Feb 2, 2011, 1:29 PM
This statement was made yesterday at the joint session of the Public Accounts Committee and Public Enterprises Committee (PAC/PEC) of the National Assembly, where the PSC 2013 report was presented and adopted.
In presenting the annual report, G.O. Bright, chairman of the Commission, said pro-active visionary leadership was being applied by the commission in setting transparent standards and practices which have reflected fair, just and competitive practices in the management of the commission’s resources.
“This is with a view to improving the quality of the recruits into the public service, enhancing the capability of staff and adopting change management strategies, which would strengthen performance and focus on results,” he said.
On behalf of the PSC, Chairman Bright expressed appreciation and gratitude to the Secretary General and Head of the Civil Service Office of the President, the permanent secretary and staff of the Personnel Management Office, and all permanent secretaries and heads of departments for their “support and cooperation”.
The Commission’s responsibility to oversee the civil service is being enhanced by the Commission’s constant effort at promoting a more effective public service delivery by helping to provide the required human resource in the most effective manner, the PSC chairman said.

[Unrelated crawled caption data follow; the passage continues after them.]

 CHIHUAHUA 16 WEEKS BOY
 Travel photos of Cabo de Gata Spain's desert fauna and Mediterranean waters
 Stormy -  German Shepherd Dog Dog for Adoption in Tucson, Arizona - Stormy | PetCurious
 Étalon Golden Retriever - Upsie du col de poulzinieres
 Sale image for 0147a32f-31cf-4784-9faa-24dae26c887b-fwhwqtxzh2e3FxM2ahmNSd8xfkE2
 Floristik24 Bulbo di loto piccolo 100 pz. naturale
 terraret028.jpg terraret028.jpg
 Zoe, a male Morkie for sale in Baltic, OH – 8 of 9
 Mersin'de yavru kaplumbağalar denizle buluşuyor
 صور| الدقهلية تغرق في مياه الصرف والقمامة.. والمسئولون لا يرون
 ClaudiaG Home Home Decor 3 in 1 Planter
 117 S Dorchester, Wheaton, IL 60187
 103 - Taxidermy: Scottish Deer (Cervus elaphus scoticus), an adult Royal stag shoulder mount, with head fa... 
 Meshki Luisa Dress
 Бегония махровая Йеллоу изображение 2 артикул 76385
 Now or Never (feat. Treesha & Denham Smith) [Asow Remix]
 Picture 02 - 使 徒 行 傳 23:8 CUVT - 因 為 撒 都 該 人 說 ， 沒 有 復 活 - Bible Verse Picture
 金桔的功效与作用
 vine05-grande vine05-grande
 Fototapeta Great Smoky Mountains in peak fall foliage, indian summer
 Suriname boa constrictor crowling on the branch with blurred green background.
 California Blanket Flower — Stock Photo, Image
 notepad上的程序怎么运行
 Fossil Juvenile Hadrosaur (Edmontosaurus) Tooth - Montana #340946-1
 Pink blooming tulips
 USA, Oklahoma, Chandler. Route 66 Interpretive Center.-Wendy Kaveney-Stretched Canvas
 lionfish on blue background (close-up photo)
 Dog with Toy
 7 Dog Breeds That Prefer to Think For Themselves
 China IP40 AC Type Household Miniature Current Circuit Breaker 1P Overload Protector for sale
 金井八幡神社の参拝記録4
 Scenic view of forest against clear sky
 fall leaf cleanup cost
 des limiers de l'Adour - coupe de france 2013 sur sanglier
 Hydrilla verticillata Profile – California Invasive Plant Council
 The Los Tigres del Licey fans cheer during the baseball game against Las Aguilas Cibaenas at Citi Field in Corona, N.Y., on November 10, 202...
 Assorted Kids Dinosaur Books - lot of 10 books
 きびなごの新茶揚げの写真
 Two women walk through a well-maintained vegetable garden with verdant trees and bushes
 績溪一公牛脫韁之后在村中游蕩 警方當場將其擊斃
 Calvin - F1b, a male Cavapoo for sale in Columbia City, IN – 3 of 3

He added that they would continue to maintain their core value of meritocracy, integrity, confidentiality, fairness, transparency, accountability, and equity.
The adopted report, which covers the activities of the Commission from January 2013 to December 2013, provided among others the mission and vision of the commission, an insight into the operations and activities and the legislative mandate of the commission.
“The vision of the Commission is to meet the national development goals by making optimal use of the diversity of competencies, skills and qualifications that are available in the country in general and the civil service in particular,” Chairman Bright said.
He added that the commission accordingly scrutinises and evaluates a range of educational qualifications and professional experience before filling the many vacant positions that exist in the civil service.